When my husband and I tried to put some limits on her attire, she countered with the fact that she goes to school every day, always makes curfew, doesn't use drugs, and consistently makes honor roll each quarter. We realized that we might push her to rebel if we did not permit her some freedom to express her individuality. However, it pains us to know that other kids (and their parents) are ridiculing the way she looks. Should we be more insistent on appropriate dress?
I understand how hard it is for you to get past your daughter's dramatic change in her physical appearance. But I would ask you to allow and encourage her to present herself in the world as she chooses, when it comes to her clothes, hairstyles, etc.

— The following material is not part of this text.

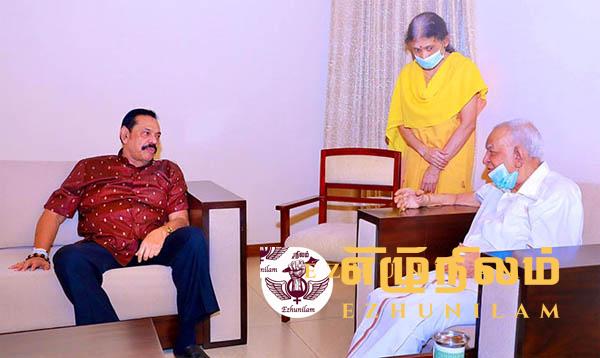 தனது காலத்தில் தமிழ் மக்களுக்கு அரசியல் தீர்வு கிடைக்க வேண்டும் என்பதில் சம்பந்தன் உறுதி; மஹிந்த வரவேற்பு! தனது காலத்தில் தமிழ் மக்களுக்கு அரசியல் தீர்வு கிடைக்க வேண்டும் என்பதில் சம்பந்தன் உறுதி; மஹிந்த வரவேற்பு!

In matters of dress, conformity to the majority does not confer maturity or goodness upon the conformist. Your daughter has chosen the lifestyle attire of a skater and is drawn to punk music because they give her an identity that she's comfortable with. You needn't tell her that you think she looks "her best" in her skater attire or pretend that you like her choice in alternative music. But I am asking you not to shame her because of these choices or show her your disappointment in her.
She needs to know that you care more about who she is, rather than what she wears. You know the goodness that your daughter possesses. Don't cave in to narrow-minded intolerance that surrounds your family. For some wisdom in helping your daughter be true to herself, read a book by a mom who went through what you are going through now, Beyond Looks and Labels: A Guide to Raising Unconventional Teens, by Katherine Murray. In addition to recounting her own story with her daughter, Murray also interviews many other parents who met this challenge. I believe that if you think about what's really important, you'll be able to act out of love in your daughter's best interests. Thanks for writing.